What needs reproducing is the run of lines in the data below starting at the line with "Η Μαρία Κορινθίου το 2019" and ending at the line with "Tarazona reconoce a", both ends included. Copy it exactly, without pictures, and add nothing.

SOURCE DATA
-.-.-
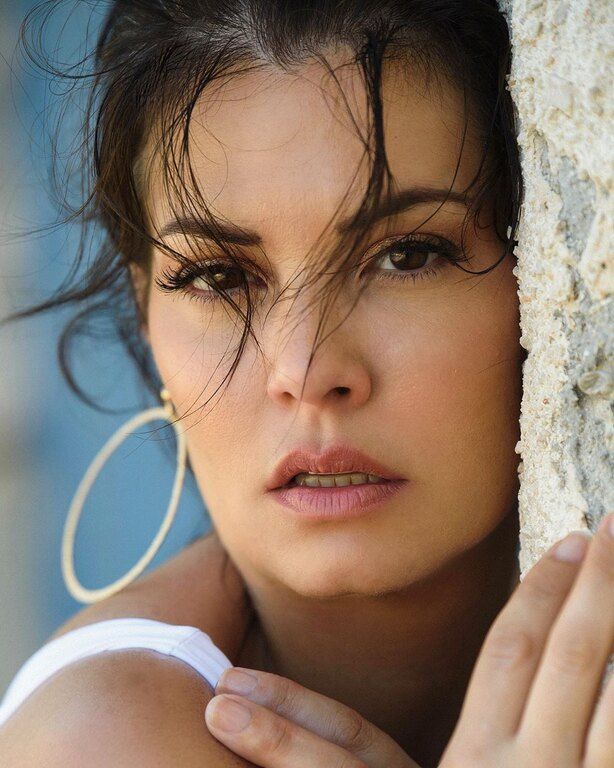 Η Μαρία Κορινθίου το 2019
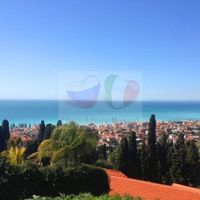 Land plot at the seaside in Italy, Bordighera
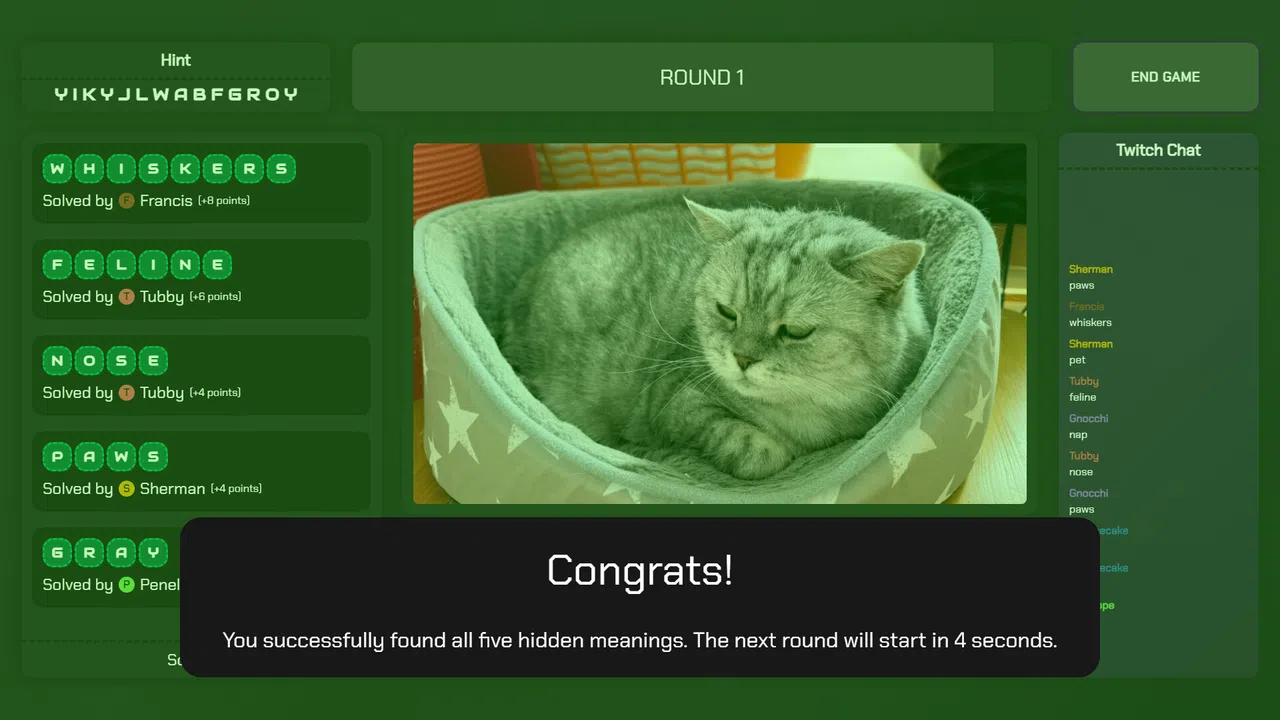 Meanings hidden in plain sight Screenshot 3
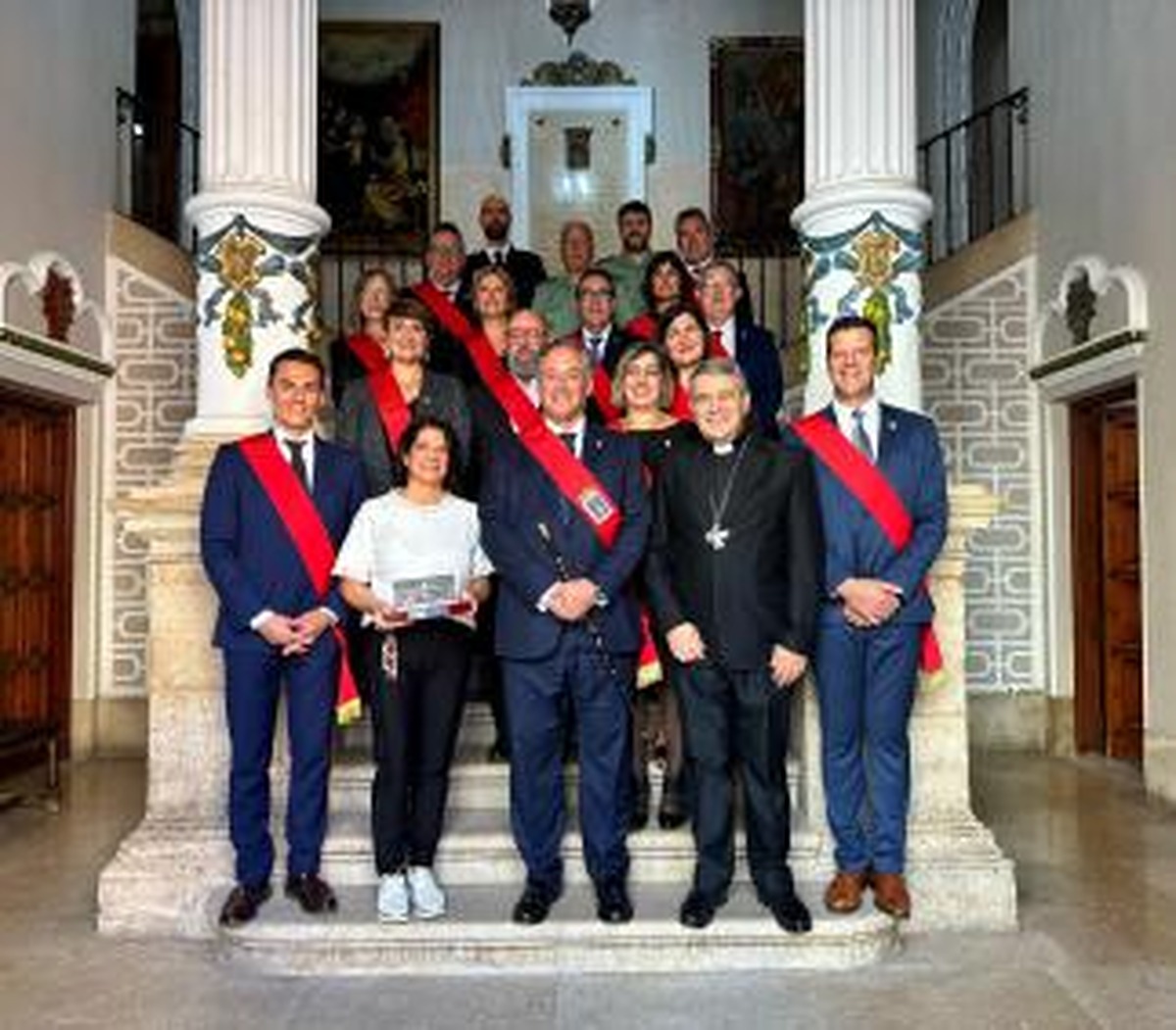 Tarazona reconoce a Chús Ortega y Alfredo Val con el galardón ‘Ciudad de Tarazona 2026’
-.-.-
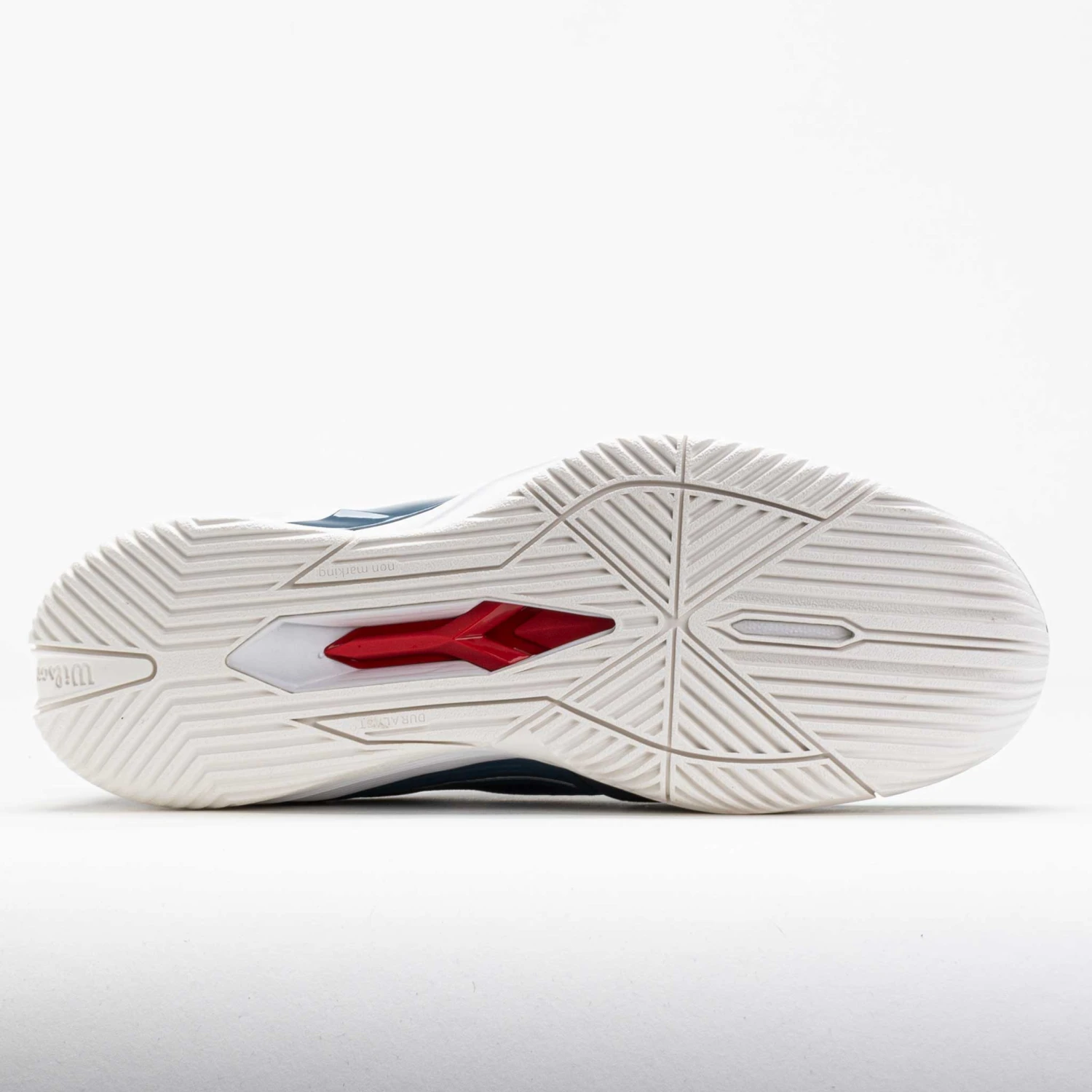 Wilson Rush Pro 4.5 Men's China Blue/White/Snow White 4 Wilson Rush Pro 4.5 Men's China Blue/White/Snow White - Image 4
-.-.-
ANSWER TO THIS TASK
 Η Μαρία Κορινθίου το 2019
 Land plot at the seaside in Italy, Bordighera
 Meanings hidden in plain sight Screenshot 3
 Tarazona reconoce a Chús Ortega y Alfredo Val con el galardón ‘Ciudad de Tarazona 2026’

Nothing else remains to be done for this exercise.